Pomona Police Department Detective Jonathan Edson responded with his partner to a report of a stabbing at the park. Edson interviewed Juan at the park. Edson advised Juan of his Miranda rights, and Juan agreed to speak with him. Edson asked Juan if he got upset when Cayetano broke his phone, and Juan answered, "I kinda did." Edson asked Juan, "Is that when you stabbed him in the face?" Juan responded, "Something like that." Juan told Edson that Cayetano had previously intimidated him and picked on him. Cayetano attacked him, and he stabbed Cayetano three times to defend himself. When asked whether he did anything wrong, Juan "said he should have left when he saw Roger and when he stabbed Roger . . . ."

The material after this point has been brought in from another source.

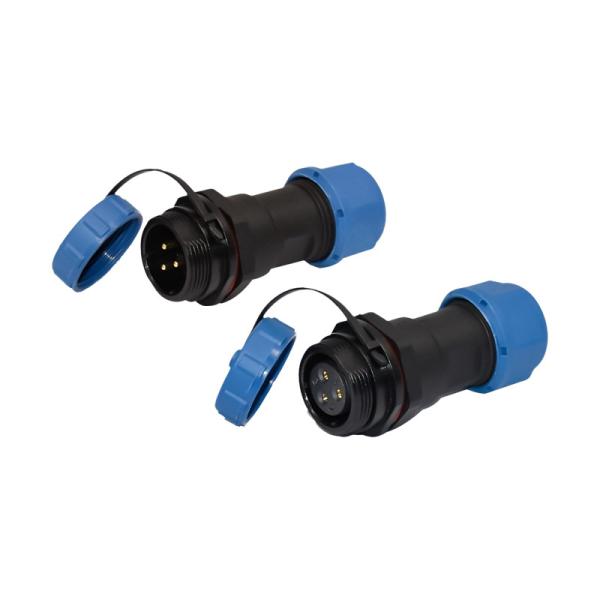 Plastic Waterproof Power Connector SP17 3 Pin Female Connector With Cover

Miranda v. Arizona (1966) 384 U.S. 436 [86 S .Ct. 1602, 16 L.Ed.2d 694]. Juan does not assert any error as to admission of Juan's statements to Edson.

Lopez testified that Cayetano had been physically abusive toward her before, and there was a protective order stating that he should not come near her.

2. The Defense Evidence

Juan also called Lopez as a witness. Cayetano told Lopez that a friend of his had asked if he wanted the friend to "take care of" Juan for him. Cayetano told his friend, "Go for it." Lopez did not know whether Juan was aware of this threat.

Juan testified that he arrived at the park on May 18 at around 10:00 a.m. He was talking on his phone when Lopez and Cayetano appeared next to him. Juan turned, and heard Cayetano say, "You talking shit" and "[l]et's get down," meaning they should fight. Cayetano then kicked him in the eye, and Juan fell to the ground.

Juan got up quickly to avoid Cayetano beating him on the ground. Juan took out his knife, and he and Cayetano began to argue. The homeless man came over, and told Juan to put the knife away and to fight Cayetano. As Juan put the knife away, Cayetano pushed him to the ground. Cayetano got on top of him, and kicked and punched him. Juan was unable to punch Cayetano back because of Cayetano's larger size.

After one or two minutes, Cayetano stopped hitting Juan, and backed off. Juan stood up, and looked for his hat and phone. Lopez tossed his phone to him, but it landed on the ground. Cayetano picked it up and threw it to the ground, breaking it.

After Cayetano broke the phone, he started to move closer to Juan. Cayetano looked angry, and it appeared he wanted to fight. Juan took his knife out again. Juan testified, "And then I went toward him too, and then I just try [sic] to stab him." When asked why he went toward Cayetano, Juan responded, "[b]ecause if not he would have just dropped me with his weight. He could have dropped me and took the knife."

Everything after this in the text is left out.